TASK DIRECTIONS: Show all lines from the listing below that contain "Mixed".

################

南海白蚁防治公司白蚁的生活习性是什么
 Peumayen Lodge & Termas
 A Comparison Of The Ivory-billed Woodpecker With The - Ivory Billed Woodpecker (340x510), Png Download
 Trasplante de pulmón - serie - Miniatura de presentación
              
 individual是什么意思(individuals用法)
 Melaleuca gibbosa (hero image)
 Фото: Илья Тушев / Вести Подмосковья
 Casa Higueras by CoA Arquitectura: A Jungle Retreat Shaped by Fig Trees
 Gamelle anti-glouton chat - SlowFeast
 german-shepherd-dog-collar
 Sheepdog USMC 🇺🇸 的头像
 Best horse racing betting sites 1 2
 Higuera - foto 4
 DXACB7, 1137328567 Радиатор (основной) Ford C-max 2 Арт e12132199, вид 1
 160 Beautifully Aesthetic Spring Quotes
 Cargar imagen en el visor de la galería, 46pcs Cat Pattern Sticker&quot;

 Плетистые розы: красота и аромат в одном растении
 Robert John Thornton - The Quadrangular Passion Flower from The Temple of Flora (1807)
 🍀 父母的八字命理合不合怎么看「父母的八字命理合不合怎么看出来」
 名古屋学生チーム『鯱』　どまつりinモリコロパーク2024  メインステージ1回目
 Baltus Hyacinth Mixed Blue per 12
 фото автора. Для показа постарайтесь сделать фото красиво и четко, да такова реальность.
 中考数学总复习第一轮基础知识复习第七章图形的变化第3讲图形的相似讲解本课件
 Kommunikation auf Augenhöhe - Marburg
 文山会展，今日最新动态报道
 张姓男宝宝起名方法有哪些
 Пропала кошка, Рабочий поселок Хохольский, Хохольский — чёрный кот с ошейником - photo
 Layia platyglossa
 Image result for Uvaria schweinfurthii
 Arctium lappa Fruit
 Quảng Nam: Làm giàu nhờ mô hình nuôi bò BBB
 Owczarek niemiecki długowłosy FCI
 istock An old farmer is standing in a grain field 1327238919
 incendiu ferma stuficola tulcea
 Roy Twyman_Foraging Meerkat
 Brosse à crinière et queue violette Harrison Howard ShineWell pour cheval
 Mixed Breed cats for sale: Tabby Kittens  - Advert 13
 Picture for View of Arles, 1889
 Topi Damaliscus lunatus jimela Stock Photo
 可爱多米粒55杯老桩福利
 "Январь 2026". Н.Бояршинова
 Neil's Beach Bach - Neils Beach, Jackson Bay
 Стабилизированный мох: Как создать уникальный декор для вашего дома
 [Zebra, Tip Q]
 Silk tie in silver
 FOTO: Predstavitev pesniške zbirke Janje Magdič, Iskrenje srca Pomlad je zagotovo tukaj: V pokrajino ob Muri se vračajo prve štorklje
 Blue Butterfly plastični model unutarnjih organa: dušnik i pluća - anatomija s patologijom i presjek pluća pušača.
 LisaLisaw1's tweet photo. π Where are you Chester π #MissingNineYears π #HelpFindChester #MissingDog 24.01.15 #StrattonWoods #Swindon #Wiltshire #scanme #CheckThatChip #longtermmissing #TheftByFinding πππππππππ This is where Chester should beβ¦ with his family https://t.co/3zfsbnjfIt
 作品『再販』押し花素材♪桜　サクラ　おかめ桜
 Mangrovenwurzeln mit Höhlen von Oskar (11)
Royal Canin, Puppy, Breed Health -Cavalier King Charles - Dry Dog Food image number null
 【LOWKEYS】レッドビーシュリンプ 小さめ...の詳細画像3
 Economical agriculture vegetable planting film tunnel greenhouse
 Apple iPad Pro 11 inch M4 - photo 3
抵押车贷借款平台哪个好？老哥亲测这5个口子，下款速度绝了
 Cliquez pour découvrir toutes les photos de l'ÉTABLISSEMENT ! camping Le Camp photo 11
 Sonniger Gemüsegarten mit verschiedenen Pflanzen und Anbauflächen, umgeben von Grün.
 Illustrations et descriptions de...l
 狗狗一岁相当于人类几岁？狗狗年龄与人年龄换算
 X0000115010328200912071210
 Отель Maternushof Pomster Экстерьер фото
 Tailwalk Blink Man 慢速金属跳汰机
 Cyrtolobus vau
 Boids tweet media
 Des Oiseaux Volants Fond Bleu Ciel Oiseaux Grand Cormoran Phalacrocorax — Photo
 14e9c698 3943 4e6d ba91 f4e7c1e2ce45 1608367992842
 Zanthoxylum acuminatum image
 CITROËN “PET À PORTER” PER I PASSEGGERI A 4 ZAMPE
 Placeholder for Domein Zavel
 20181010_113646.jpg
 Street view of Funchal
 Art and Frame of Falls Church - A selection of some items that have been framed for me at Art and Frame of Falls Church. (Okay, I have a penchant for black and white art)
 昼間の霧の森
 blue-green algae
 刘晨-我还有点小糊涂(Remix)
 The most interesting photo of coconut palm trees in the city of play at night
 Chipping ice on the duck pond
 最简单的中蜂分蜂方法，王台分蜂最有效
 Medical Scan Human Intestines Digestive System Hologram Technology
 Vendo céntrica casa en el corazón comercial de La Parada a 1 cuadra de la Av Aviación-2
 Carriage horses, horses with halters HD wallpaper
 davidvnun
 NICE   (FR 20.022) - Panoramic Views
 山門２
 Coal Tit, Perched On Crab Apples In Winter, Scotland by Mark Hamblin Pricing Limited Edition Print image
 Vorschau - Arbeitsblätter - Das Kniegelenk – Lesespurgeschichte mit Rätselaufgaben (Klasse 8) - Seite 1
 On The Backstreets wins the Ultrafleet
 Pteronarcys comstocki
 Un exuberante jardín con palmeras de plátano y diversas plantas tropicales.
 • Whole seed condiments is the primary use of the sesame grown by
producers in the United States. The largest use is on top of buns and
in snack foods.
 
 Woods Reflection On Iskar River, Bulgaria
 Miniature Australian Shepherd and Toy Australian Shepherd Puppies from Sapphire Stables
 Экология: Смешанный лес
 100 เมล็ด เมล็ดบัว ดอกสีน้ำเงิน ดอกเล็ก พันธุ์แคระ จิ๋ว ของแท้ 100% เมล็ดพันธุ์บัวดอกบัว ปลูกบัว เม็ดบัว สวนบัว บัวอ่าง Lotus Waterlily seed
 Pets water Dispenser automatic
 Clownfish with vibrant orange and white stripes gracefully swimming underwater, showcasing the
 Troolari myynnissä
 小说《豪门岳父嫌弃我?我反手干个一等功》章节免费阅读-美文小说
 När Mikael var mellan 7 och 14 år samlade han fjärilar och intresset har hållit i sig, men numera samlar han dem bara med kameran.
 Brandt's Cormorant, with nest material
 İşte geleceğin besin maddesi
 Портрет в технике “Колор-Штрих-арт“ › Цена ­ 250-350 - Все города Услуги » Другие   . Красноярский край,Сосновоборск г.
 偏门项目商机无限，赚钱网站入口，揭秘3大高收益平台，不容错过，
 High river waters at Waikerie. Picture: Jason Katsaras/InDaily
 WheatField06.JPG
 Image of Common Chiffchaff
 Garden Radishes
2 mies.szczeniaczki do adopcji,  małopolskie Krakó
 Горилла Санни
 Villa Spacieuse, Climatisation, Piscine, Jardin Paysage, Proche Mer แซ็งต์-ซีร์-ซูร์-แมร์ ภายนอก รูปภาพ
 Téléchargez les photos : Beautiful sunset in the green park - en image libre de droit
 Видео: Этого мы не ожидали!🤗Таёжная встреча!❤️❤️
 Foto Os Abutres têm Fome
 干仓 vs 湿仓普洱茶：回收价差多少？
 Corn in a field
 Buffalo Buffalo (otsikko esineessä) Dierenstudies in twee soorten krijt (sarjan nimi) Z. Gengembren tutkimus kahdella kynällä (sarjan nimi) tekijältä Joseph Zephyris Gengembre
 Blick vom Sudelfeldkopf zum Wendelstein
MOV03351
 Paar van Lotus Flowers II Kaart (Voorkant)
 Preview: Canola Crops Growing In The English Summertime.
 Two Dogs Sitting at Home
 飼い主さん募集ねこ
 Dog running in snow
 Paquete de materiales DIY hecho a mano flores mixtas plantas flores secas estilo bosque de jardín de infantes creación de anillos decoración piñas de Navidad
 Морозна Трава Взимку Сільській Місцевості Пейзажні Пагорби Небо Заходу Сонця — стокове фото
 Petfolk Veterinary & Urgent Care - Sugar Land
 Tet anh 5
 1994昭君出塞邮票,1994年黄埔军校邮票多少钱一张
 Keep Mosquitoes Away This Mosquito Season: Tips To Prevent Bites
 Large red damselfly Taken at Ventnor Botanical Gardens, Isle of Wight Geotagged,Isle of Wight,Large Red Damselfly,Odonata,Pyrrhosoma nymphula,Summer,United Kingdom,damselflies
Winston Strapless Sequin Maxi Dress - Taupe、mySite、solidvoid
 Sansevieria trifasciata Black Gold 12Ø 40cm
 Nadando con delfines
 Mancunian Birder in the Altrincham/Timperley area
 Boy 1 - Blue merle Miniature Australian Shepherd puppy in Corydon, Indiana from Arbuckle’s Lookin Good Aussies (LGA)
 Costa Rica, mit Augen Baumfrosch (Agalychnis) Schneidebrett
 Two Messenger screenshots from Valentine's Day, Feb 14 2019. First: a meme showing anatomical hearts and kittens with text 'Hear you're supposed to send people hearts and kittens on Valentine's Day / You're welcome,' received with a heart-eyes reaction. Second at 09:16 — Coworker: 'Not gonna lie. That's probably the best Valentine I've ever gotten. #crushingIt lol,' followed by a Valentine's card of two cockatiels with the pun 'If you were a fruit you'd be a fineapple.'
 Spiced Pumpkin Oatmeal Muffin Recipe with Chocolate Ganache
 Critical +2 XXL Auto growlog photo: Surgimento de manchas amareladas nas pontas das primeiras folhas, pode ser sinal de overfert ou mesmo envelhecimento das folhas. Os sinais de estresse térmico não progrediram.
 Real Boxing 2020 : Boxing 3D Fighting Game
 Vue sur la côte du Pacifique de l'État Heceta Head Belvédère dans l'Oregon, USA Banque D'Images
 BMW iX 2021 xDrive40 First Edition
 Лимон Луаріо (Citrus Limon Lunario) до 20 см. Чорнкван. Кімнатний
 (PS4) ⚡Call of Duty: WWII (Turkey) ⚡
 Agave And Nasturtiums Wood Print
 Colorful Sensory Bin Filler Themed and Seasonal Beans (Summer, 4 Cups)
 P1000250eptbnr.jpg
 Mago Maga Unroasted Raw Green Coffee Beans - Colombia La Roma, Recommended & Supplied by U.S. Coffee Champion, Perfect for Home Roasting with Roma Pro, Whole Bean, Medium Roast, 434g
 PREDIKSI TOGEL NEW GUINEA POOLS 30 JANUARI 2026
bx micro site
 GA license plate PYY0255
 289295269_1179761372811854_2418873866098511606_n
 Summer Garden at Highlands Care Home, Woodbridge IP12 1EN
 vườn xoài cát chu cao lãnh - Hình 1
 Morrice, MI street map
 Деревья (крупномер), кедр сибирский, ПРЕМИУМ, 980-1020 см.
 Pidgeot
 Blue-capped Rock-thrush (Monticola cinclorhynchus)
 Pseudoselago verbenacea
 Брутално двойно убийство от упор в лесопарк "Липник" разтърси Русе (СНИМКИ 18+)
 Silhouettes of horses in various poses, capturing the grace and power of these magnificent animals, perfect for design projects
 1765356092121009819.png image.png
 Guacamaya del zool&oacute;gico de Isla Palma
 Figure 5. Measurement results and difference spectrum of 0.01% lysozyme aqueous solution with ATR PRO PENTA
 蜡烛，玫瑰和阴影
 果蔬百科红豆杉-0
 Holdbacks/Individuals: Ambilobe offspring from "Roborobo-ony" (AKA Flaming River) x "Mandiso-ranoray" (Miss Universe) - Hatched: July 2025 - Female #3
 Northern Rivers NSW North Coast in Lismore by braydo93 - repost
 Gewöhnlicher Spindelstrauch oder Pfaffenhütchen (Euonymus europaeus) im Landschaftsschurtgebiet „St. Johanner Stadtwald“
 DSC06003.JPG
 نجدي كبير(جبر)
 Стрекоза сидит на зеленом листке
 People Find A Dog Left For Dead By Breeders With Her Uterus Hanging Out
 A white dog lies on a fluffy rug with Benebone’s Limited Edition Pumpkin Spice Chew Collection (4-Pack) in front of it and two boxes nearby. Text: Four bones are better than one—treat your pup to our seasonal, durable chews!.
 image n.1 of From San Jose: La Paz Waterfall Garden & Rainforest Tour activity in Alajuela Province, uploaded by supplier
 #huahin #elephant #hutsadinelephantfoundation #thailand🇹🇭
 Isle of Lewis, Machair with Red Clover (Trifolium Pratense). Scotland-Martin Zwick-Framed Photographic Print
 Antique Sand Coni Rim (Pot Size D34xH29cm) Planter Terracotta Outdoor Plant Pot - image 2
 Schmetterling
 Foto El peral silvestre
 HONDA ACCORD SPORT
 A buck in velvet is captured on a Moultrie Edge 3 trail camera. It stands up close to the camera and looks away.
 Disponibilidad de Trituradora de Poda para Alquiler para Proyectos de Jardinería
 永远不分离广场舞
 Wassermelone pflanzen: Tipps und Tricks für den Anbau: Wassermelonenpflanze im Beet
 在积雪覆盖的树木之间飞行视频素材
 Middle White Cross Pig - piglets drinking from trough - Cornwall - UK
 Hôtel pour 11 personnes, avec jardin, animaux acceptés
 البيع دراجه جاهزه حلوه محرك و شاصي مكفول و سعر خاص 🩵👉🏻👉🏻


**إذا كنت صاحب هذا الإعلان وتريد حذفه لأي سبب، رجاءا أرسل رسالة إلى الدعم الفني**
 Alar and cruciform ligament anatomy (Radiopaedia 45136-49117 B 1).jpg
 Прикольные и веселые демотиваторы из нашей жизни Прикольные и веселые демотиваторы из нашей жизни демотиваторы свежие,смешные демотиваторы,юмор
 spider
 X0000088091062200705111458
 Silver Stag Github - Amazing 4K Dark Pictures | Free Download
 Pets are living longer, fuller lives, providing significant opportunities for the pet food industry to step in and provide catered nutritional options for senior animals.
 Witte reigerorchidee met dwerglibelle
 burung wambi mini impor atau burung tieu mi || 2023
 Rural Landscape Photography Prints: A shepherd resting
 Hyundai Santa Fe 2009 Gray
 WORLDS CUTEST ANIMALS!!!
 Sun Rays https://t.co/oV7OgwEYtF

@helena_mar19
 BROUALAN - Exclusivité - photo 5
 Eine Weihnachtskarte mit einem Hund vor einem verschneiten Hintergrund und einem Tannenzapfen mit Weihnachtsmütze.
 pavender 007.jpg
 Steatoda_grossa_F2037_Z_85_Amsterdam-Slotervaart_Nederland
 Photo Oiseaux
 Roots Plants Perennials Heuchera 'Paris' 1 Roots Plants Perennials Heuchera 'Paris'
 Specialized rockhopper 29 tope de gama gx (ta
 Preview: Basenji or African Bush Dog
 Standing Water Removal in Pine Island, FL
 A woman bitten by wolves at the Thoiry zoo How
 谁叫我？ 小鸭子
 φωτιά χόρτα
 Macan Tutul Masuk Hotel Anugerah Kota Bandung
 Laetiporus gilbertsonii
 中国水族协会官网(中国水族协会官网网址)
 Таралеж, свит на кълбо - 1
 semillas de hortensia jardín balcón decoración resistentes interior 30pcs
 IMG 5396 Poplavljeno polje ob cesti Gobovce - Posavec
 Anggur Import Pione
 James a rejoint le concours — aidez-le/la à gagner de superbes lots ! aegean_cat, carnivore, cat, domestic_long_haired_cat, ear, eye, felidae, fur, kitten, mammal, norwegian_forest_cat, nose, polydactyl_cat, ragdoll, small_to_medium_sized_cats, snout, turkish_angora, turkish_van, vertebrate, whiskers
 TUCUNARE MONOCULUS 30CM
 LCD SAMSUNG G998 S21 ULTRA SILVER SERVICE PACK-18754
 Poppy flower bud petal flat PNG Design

################

SOLUTION TO THIS TASK:
 Baltus Hyacinth Mixed Blue per 12
 Mixed Breed cats for sale: Tabby Kittens  - Advert 13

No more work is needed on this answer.